This is important, because it leads Rowan Williams to a similarly partial view of civil society. Just as the Archbishop's view of the state ignores the role of popular movements, so his account of communities, particularly those he describes as areas of 'primary deprivation', passes over the real lives of the people in them. They are portrayed as passive recipients of public services inhabiting moral wastelands in which basic mutuality is dead. This is a travesty of the past and a misleading and selective view of the situation today, notwithstanding the problems of the 1945 settlement. Historically, we should remember, the most deprived areas were those in which the most profound non-governmental mutuality developed in the 19th century. Ordinary people, living in conditions of acute poverty, made real the values of interdependence which allowed them to survive. They created 'goose and burial clubs', friendly societies, penny-reading groups and the early insurance systems. These were the voluntary mutual precursors of the welfare state. The advent of the welfare state throughout the first half of the 20th century replaced these institutions with state provision, but the spirit and practice of mutuality is alive and well in many of our poorest areas 100 years on, providing support and assistance beyond the formal arm of the state through community forums, residents' associations, neighbourhood-watch schemes and other forms of volunteering and community life.

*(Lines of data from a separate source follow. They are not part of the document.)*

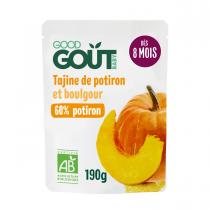 Good Gout - Plat Préparé Tajine de Potiron et Boulgour 8 mois 190g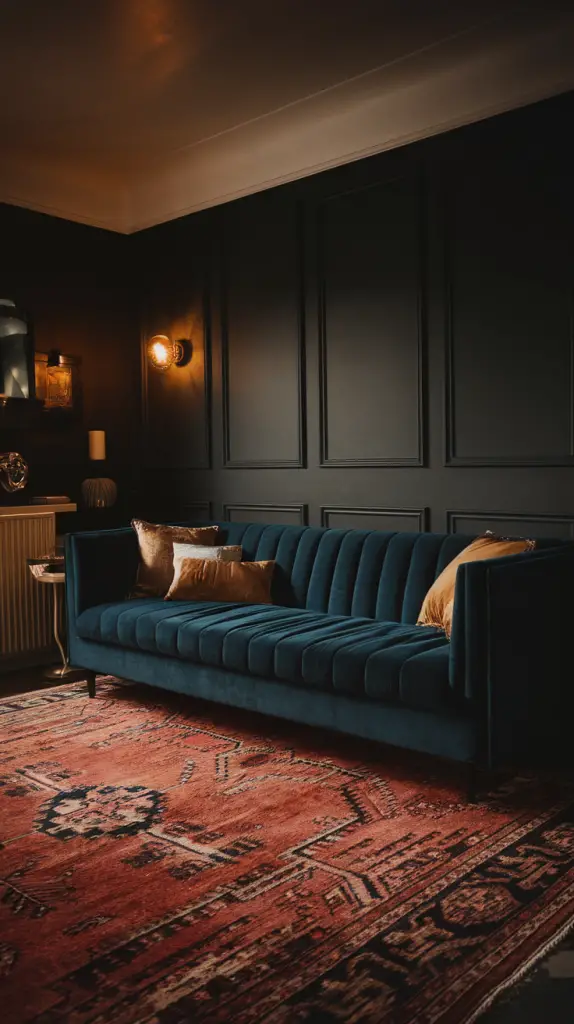 28 Stylish Moody Living Room Designs for a Luxurious and Chic Look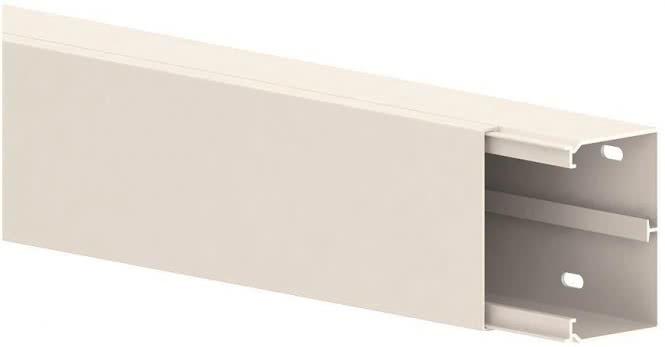 GGK Canal LFG 60x90 1020 blanc crème avec rail de montage (1600 cm)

So where does this leave the state? This is where the history is missing from the Archbishop's lecture; he leaves out the

importance of building capacity in communities for the creation of decent public services. Take education. Teachers do an almost impossible job in areas of deprivation. says the Archbishop. He then criticises the 'market state' for responding to demands for accountability and high standards. Yet the implied damage that this emphasis gives is belied by the transformation of the life chances of children in the very area in south Wales that the Archbishop has ministered to over the last few years. It is an area not dissimilar to the one that I represent, where children were so badly let down in the past that as many as 80 per cent of 11-year-olds couldn't read or write, or add up adequately, by the time they reached secondary school. No wonder it was difficult, in his words, to engage them in broader civic or moral values. Communities can grow only if education empowers those within them.

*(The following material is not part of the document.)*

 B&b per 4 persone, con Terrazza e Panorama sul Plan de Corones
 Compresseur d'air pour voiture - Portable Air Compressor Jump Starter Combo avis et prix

At the end of the day, modern government needs to retain its legitimacy. as Rowan Williams says. But I believe that the very consent that government requires arises from responding to legitimate demands, such as parental choice for a child's education or a genuine second opinion in the NHS, or, in inner London, access to even the most basic primary healthcare facilities. This is not consumerism in a vacuum but the provision of services that would otherwise have to be purchased within the market economy. Providing such services while helping local communities rebuild themselves is the challenge of the 21st century.

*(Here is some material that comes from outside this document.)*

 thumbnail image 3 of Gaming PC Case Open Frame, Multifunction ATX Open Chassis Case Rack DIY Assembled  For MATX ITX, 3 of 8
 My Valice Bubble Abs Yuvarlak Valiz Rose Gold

I am pleased that the Archbishop points to the need for a new politics that engages with these deeper issues. But he deprives himself of real purchase on them by failing to address the present-day reality of both the state and the communities that our politics must serve. In my own small publication, 'Politics and Progress', I sought to debate these issues and offer ways forward. I hope that the Archbishop, as a fellow 'hairy lefty', will take up some of these challenges.